Tout ce qui me reste de l'enseignement
de l'histoire en primaire ce sont les images des personnages du
« roman national ». Nos ancêtres les Gaulois obsédés
par les chutes de ciels, Vercingétorix se rendant à César, Clovis
et le vase de Soissons, Charlemagne récompensant les bons élèves
de son école, Rollon et ses Normands pillards, Godefroy de Bouillon
conquérant Jérusalem, Saint Louis sous son chêne à Vincennes, la
bataille de Crécy, les vicissitudes de Jeanne d'Arc à Chinon,
Orléans et Rouen, Colomb découvrant des emplumés en Amérique,
François 1er et le chevalier Bayard, Bernard Palissy détruisant ses
meubles avec ardeur, la Saint-Barthélémy, le bon roi Henri et sa
poule (au pot), Louis XIII et Richelieu au siège de la Rochelle,
Louis XIV et Versailles, la prise de la Bastille, Napoléon et sa
retraite (de Russie), Les révolutions de l'an 30 et de l'an 48,
Napoléon III et Ferdinand de Lesseps, la guerre Franco-Prussienne,
les poilus dans leurs tranchées, la débâcle de 1940... Je dois en
oublier quelques unes.
Autour des murs se déroulait la frise
illustrée où hauts faits et grands personnages se succédaient
chronologiquement. Élève distrait, je la contemplais souvent plutôt
que d'écouter les discours probablement passionnants de mes
enseignants. Je ne dirai pas que cet enseignement, qu'il fut oral ou
mural m'ait doté d'une profonde culture historique. Était-ce
d'ailleurs son but ? Ne s'agissait-il pas simplement de créer
dans les jeunes esprits une certaine notion de la chronologie ?

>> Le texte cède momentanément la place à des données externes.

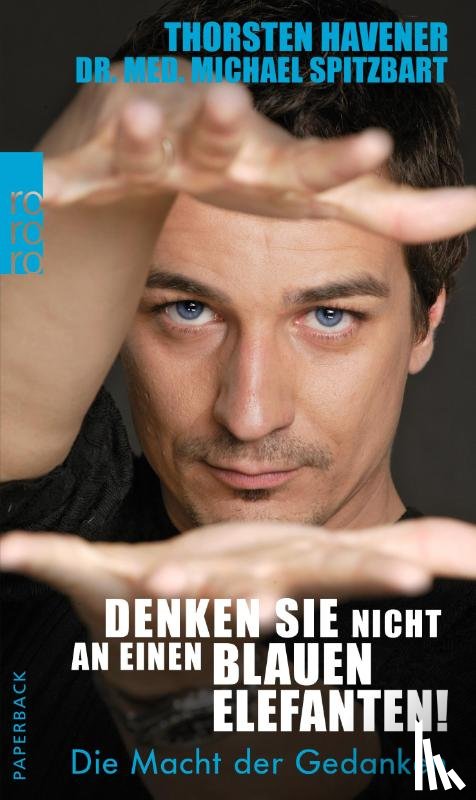 Havener, Thorsten, Spitzbart, Michael - Denken Sie nicht an einen blauen Elefanten!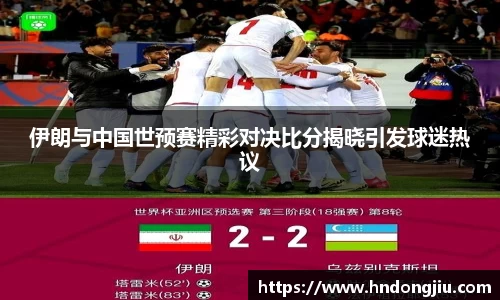 伊朗与中国世预赛精彩对决比分揭晓引发球迷热议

De leur faire prendre conscience de l'ancienneté de la nation
française, de ses heurs et malheurs ?
Le but de l'enseignement primaire était
alors de doter ses élèves des bases qui leur permettraient
éventuellement d'acquérir d'autres connaissances. Lire, écrire,
compter, se repérer dans le temps. Il ne s'agissait aucunement d'en
faire des Pic de la Mirandole ou de fins analystes des réalités
historiques. Il faut croire que les enfants d'aujourd'hui sont bien
plus intelligents que nous l'étions et que les images d'Épinal du
roman national ne leur suffisent plus, qu'il ont besoin de plus de
profondeur, de « questionner le monde* » pour reprendre
un terme des nouveaux programmes. Ils apprennent des langues,
s'initient aux arts plastiques avant d'étudier l'histoire de l'art,
sont dotés d'une éducation musicale et grâce à cela ils sont 20%
à quitter l'école élémentaire sans savoir ni lire ni compter ni
écrire correctement. Combien seraient à même de relever les
erreurs et allusions de l'immortel « Lycée Papillon » de
Ray Ventura et ses collégiens où il est dit que « Vercingétorix,
né sous Louis-Philippe, battit les Chinois un soir à Roncevaux,
c'est lui qui lança la mode des slips et pour ça mourut sur un
échafaud » ?
A force de vouloir des têtes bien
faites plus que des têtes bien pleines, on se retrouve sans tête ni
savoir. Alors, je répondrai à Mme Laurence de Cock que Louis IX sous son chêne et les autres
permettaient l'établissement d'une chronologie et faute de
« questionner le monde » rendaient les enfants capables de se
repérer dans le temps. Ce qui est mieux que le rien actuel.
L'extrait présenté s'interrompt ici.